The Yuppie Handbook Pdf
Take Cowen’s chapter on why Americans no longer participate in large-scale riots. By his own account, it’s not that the down-and-out are less disposed to smash windows than they were in the 1960s. It’s that policing and crowd management techniques have evolved significantly over the past few decades. Authorities now employ a host of sophisticated approaches to prevent unrest from sparking, and to defuse it quickly when it does, requiring permits for protests, creating “,” and increasing surveillance of would-be troublemakers under the Patriot Act.
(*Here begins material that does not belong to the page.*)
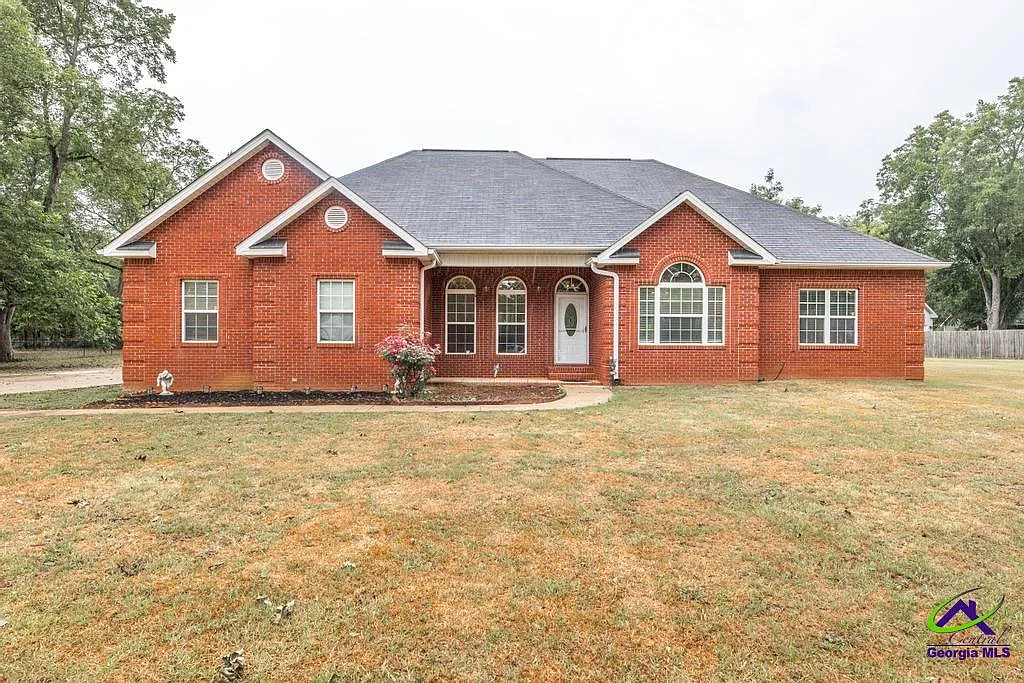 3 bed, 2.5 bath, 2568 sqft, $2,200 — Photo 1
When riots do break out—like the Ferguson uprising over the police shooting of Michael Brown—local officials often bring in sympathetic authority figures (and ) and organizations like Amnesty International to broker peace and prevent disorder from spreading further.Likewise, Cowen’s analysis of the reemergence of segregation reveals little about national complacency.
The Yuppie Handbook 1984 Super Bowl
As he shows, segregation by income and education in major metropolitan areas has increased dramatically over the past half-century, even at a time when few people would openly profess to want it. Historically, segregation has been the result of income inequality, sky-high rents, and discriminatory policies such as redlining.